January | 2013 | FALSE IS NOT NULL

Note: In this post, I always refer to MariaDB. As far as I know, the techniques and the limitation I’m describing here also apply to Percona Server and MySQL, including 5.6. But since I didn’t test the examples, I just refer to MariaDB (tested on 5.5).

Terminology

A query is a SQL statement that returns some results (SELECT, SHOW, DESCRIBE, EXPLAIN, HELP).

A Stored Program is a Stored Routine, a Trigger or an Event.

A Stored Routine is a Stored Procedure or a Stored Function.

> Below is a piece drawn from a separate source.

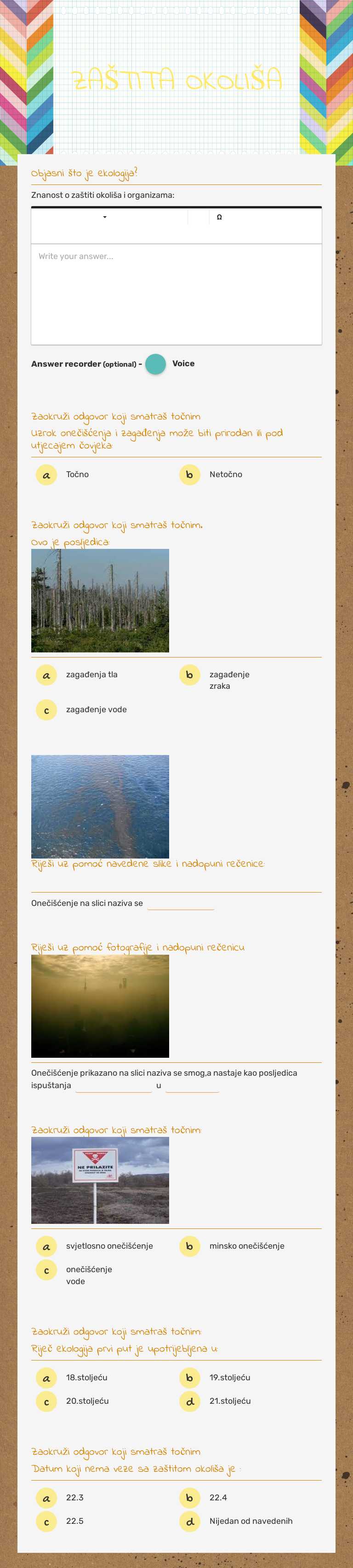 ZAŠTITA OKOLIŠA worksheet preview image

A Dynamic SQL statement is astring composed by a Stored Program, which will be executed as a Prepared Statement. Even within normal Prepared Statements you can insert some values, for example you can “pass” them an ID which will be used in the WHERE clause. But there are many limitations: you can’t compose the ORDER BY clause, or decide what columns should be SELECTed, for example. An example of Dynamic SQL is:

SET @sql = CONCAT('SELECT `', @col_name, '` AS `value` FROM `', @tab_name, '` LIMIT 1;');

The Problem

MariaDB cursors can’t be used with Dynamic SQL. Their syntax is:

DECLARE <cursor_name> CURSOR FOR <query>

But is a hard-coded SQL statement, and can not be a variable. So, if you can’t hard-code your query because it should contain some variable parts, you can’t use a cursor to read the result set.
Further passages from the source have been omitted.